**Provided data**
- Opening Delimiter -
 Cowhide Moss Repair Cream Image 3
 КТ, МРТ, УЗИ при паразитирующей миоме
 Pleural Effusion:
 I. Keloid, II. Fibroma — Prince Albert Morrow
- Closing Delimiter -
- Opening Delimiter -
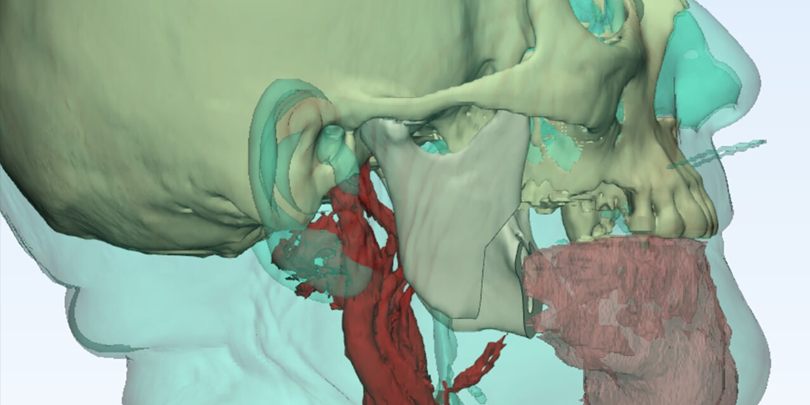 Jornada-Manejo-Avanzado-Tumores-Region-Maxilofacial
- Closing Delimiter -
**Goal of the exercise**
In the entries above, find the line holding "Cowhide Moss Repair Cream Image 3" and the line holding "I. Keloid, II."; print both of them and every line between, exactly, and nothing else.

**Exercise answer**
 Cowhide Moss Repair Cream Image 3
 КТ, МРТ, УЗИ при паразитирующей миоме
 Pleural Effusion:
 I. Keloid, II. Fibroma — Prince Albert Morrow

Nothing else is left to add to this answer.